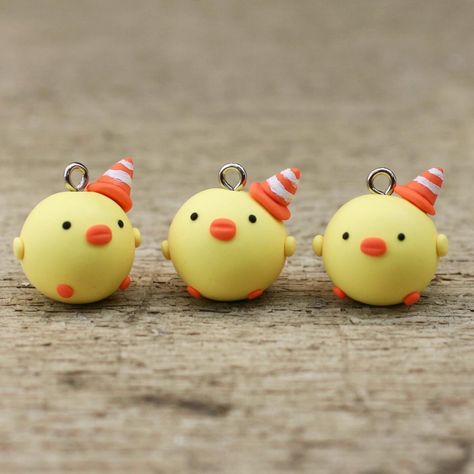 Clay Duck Tutorial, Duck Clay Sculpture, Duck Polymer Clay, Duck Clay Art, Air Dry Clay Duck, Keychain Diy Clay, Cute Clay Keychains, Polymer Clay Duck, Clay Charm Ideas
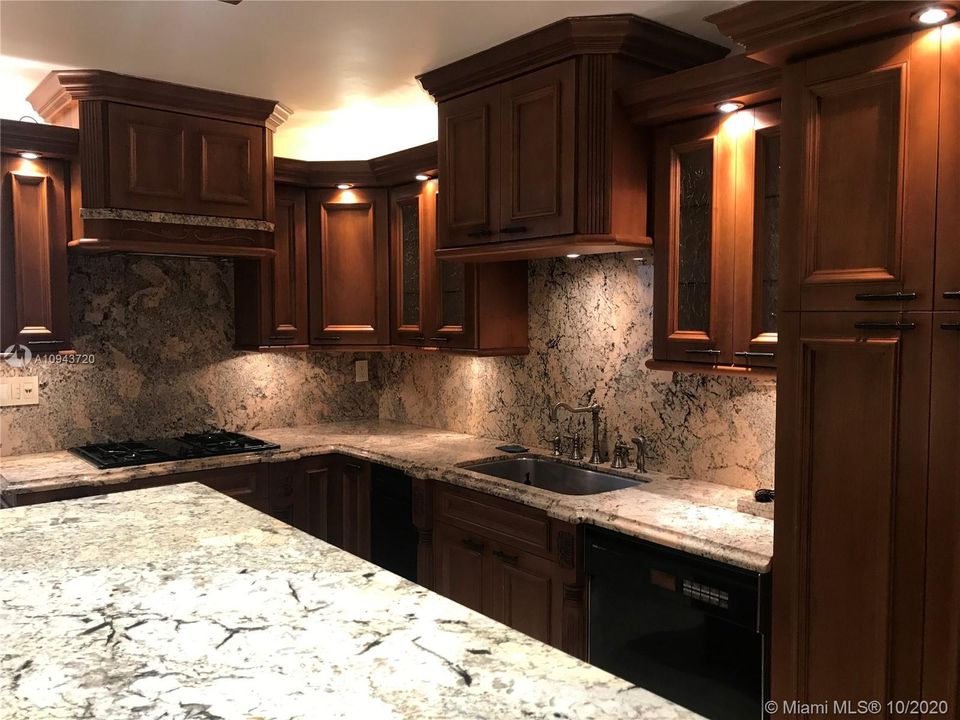 Vendido Recientemente: $499,900 (3 camas, 2 baños, 1713 Pies cuadrados)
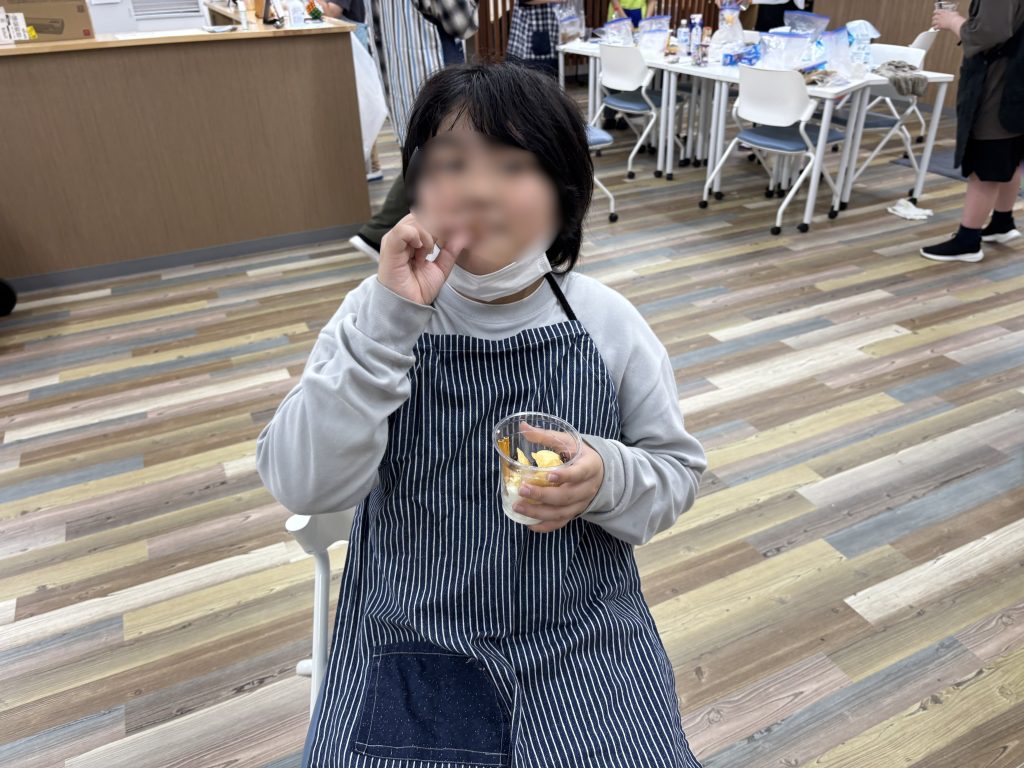 埼玉県所沢市にあるフリースクール、クラーク国際中等部所沢キャンパスで行った調理実習（アイスクリーム作り）の様子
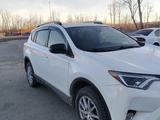 Toyota RAV4 2017 года за 10 800 000 тг. в Усть-Каменогорск – фото 4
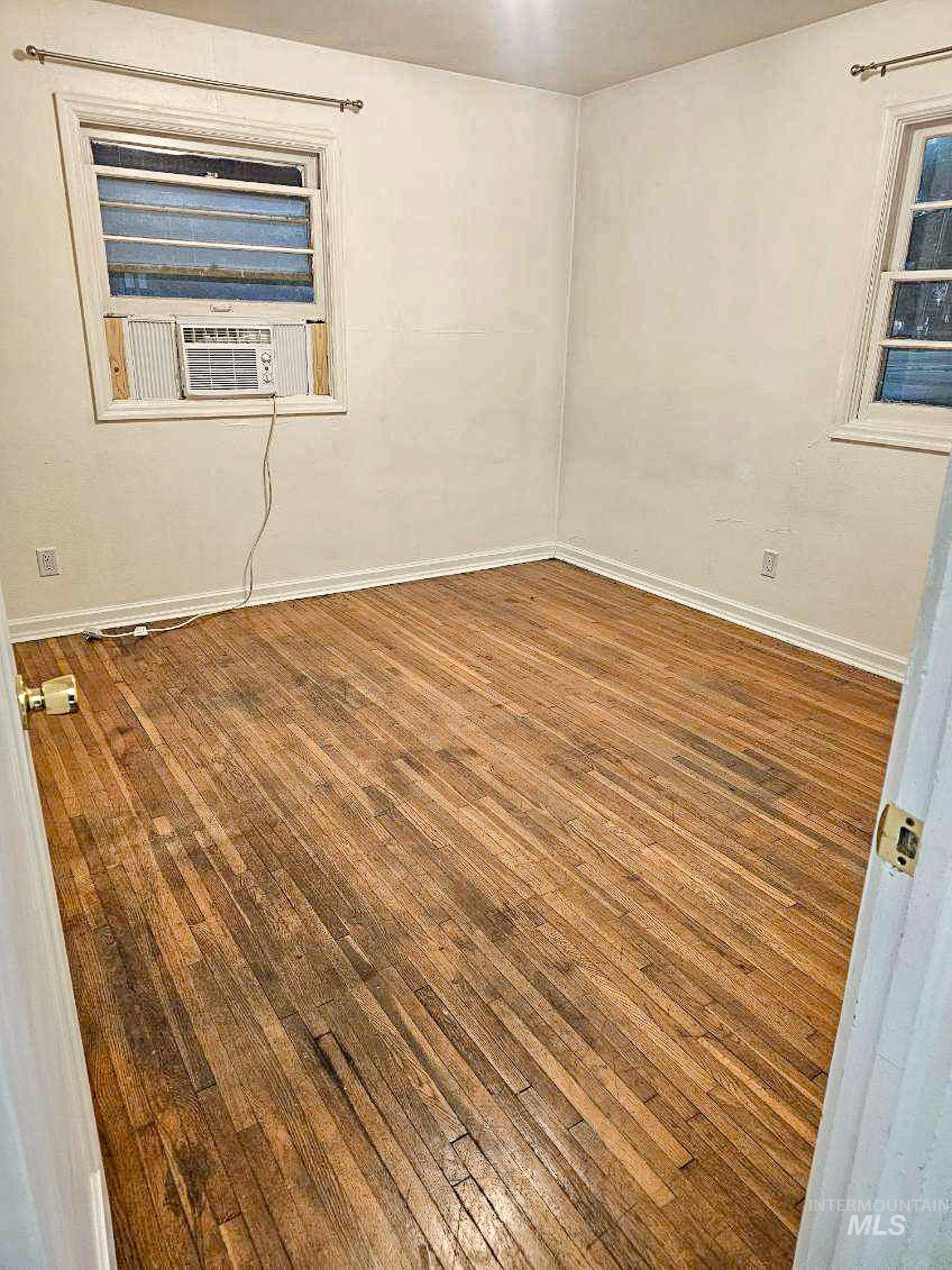 525 5th Street, Lewiston, Idaho 83501, 1 Bedroom, 1 Bathroom, Residential Income For Sale, Price $229,900, 98975046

————

YOUR OBJECTIVE: In the answer, all of the material should appear exactly as given, with no picture carried over.

RESPONSE:
 Clay Duck Tutorial, Duck Clay Sculpture, Duck Polymer Clay, Duck Clay Art, Air Dry Clay Duck, Keychain Diy Clay, Cute Clay Keychains, Polymer Clay Duck, Clay Charm Ideas
 Vendido Recientemente: $499,900 (3 camas, 2 baños, 1713 Pies cuadrados)
 埼玉県所沢市にあるフリースクール、クラーク国際中等部所沢キャンパスで行った調理実習（アイスクリーム作り）の様子
 Toyota RAV4 2017 года за 10 800 000 тг. в Усть-Каменогорск – фото 4
 525 5th Street, Lewiston, Idaho 83501, 1 Bedroom, 1 Bathroom, Residential Income For Sale, Price $229,900, 98975046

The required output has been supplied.